Ada masanya cinta berubah menjadi hal yang paling mengerikan bahkan dianggap ekstrim. Saat cinta tidak ditujukan pada apa yang seharusnya dijadikan cinta maka ia menjadi marah. Ketika cinta tidak diberikan pada sesuatu atau seseorang yang seharusnya menerima cinta, maka ia menjadi kejam. So, jangan protes saat cinta meninggalkanmu, tak perlu bersedih dikala cinta pergi menjauh.

Cinta sejati adalah rasa yang datang dari Allah dan kembali kepada-Nya pula. Allah selalu memberi cinta sesuai dengan kadar cinta yang kita butuhkan. Allah beri kita rasa cinta terhadap orang tua yang kita tuangkan dalam cangkir pengabdian. Allah anugerahkan kepada kita cinta untuk saudara sesama muslim yang kita hidangkan di atas piring silaturrahim, saling membantu, mengasihi yang muda, menghormati yang tua. Bahkan Sang Haliq mengkaruniakan bagi kita cinta yang akan kita kembalikan padanya melalui sepertiga malam, menyambut senyum mentari dengan duha, melaksanakan yang wajib, melengkapi dengan sunnah, serta menjauhi, meninggalkan bahkan melupakan yang maksiat. Begitu indah cinta yang Allah beri pada hamba-Nya.

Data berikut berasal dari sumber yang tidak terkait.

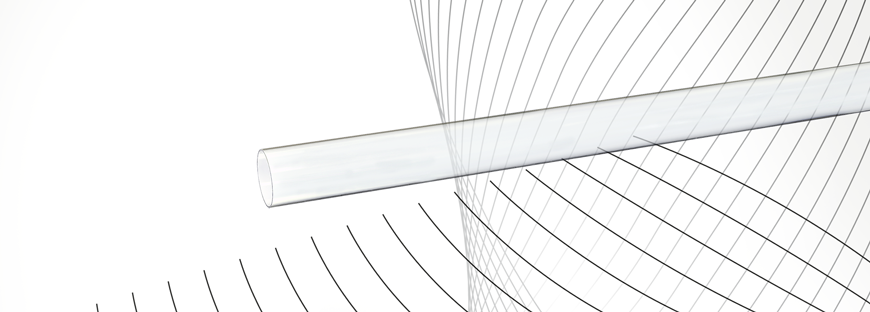 PTFE-Chemieschlauch - mikro-dünnwandig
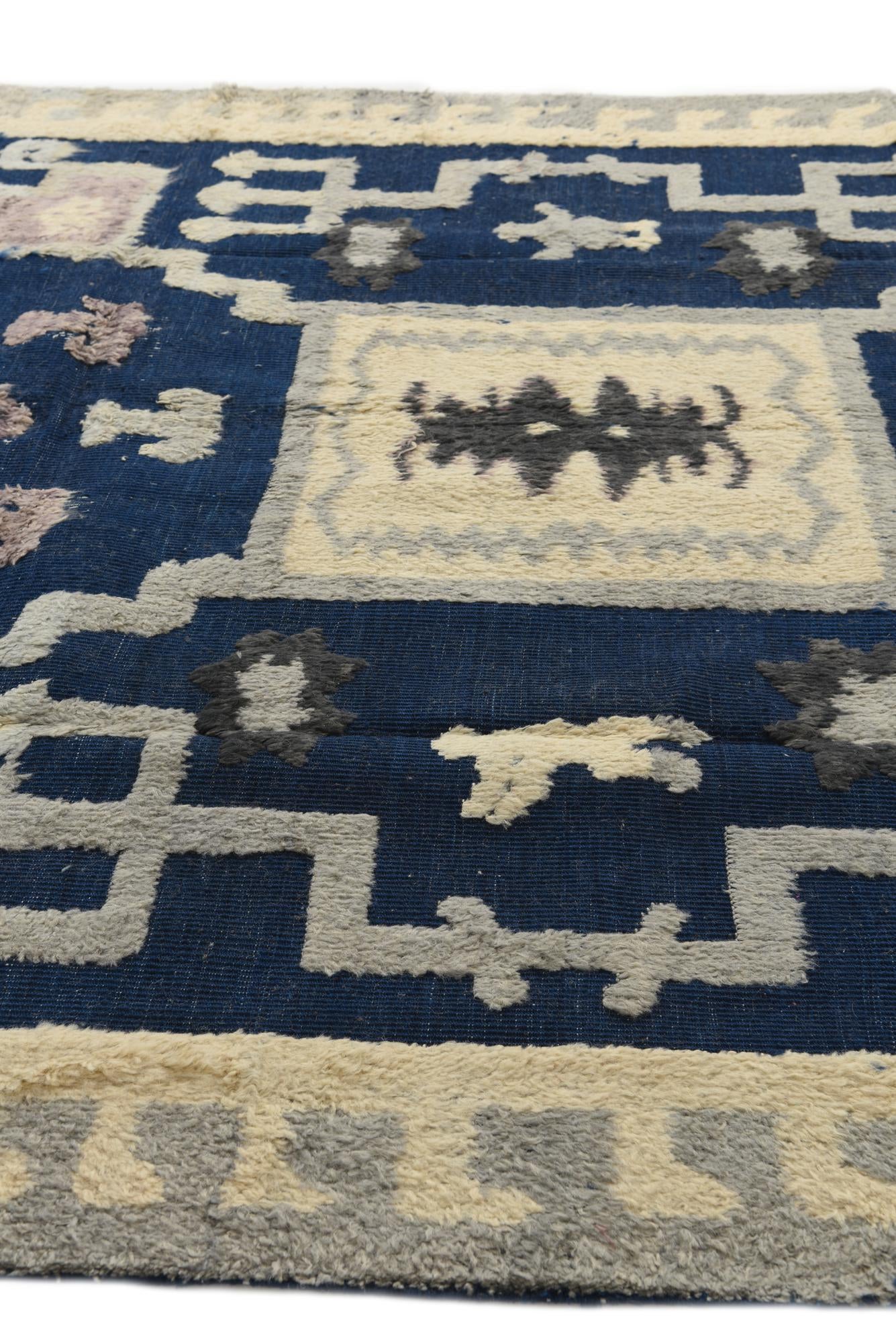 8' 2 x 10' 6 Hand Knotted Darya Wool Rug
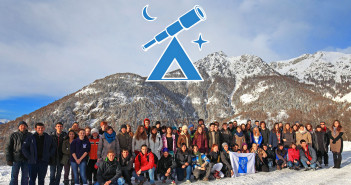 Uczestnicy ubiegłorocznej edycji ESO Astronomy Camp / Credits: ESO/Sterrenlab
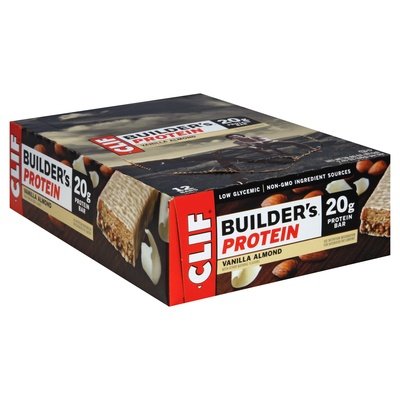 Clif Builders Vanilla Almond 12/2.4 OZ [UNFI #33631]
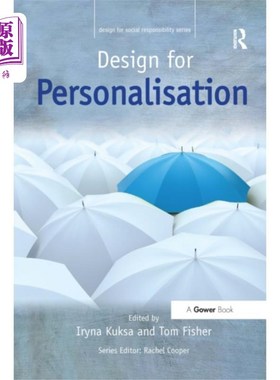 海外直订Design for Personalisation 个性化设计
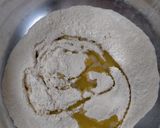 A picture of step 5 of Moong Dal Ladoo.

So, kembalikanlah cinta itu pada Pemilik Sejati-Nya. Tempatkanlah cinta pada ruang yang seharusnya. Hiasi cinta dengan iman dan taqwa. Landasi cinta karena-Nya. Jika cinta kita pada Sang Maha Pemelihara melebihi cinta pada ciptaan-Nya niscaya cinta itu akan indah dengan sendirinya dan menjadi rasa yang menciptakan kedamaian, ketentraman dalam hati dan jiwa anak-anak manusia. Biarkan Allah yang mengatur kemana karamnya cinta kita.